22 Bahnen
Es ist ein schöner Zufall, dass ich Caroline Wahls „22 Bahnen“ an einem grau verhangenen Vormittag im Freibad zu lesen beginne. Auf dem Cover sehe ich eine Frau in einem roten Badeanzug, die ins Wasser taucht, und auf den ersten Seiten des Romans erfahre ich, dass die Mathestudentin Tilda im Schwimmbad immer 22 Bahnen zieht.

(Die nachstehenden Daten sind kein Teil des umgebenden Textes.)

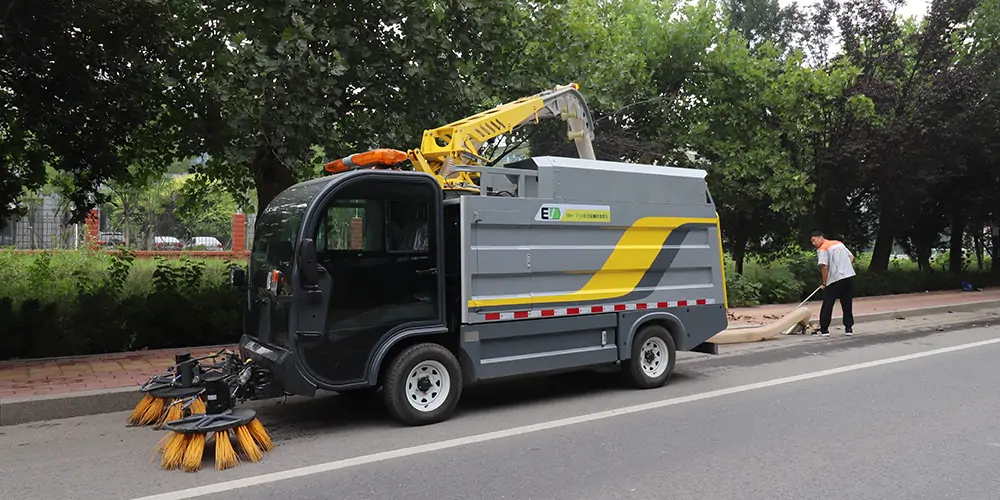 樹葉收集車，新能源樹葉收集車，多功能樹葉收集車，四輪樹葉收集車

Das Schwimmen ist für Tilda ein Ritual - eine Zuflucht. Denn wenn sie nicht gerade für die Uni lernt oder im Supermarkt jobbt, kümmert sie sich um ihre zehnjährige Schwester Ida und die alkoholkranke Mutter.
Die Gedanken treiben davon
Ich nehme mir vor, wie Tilda, meine Bahnen zu zählen. Doch meine Gedanken schweifen ab. Zuerst denke ich über die Dreierformation an Rentnerinnen nach. Dann fällt mir der Herr mit der Stoppuhr und Taucherbrille auf, der wie ein Schnellschwimmer aussieht, doch das Gegenteil ist der Fall – vielleicht erholt er sich nach einer Krankheit?
Morgendliches Ritual
Und immer wieder kehre ich zum Buch zurück, das ich in den folgenden Tagen nach dem Schwimmen auf den grauen Betonstufen mit Blick auf das türkisblaue Wasser lese.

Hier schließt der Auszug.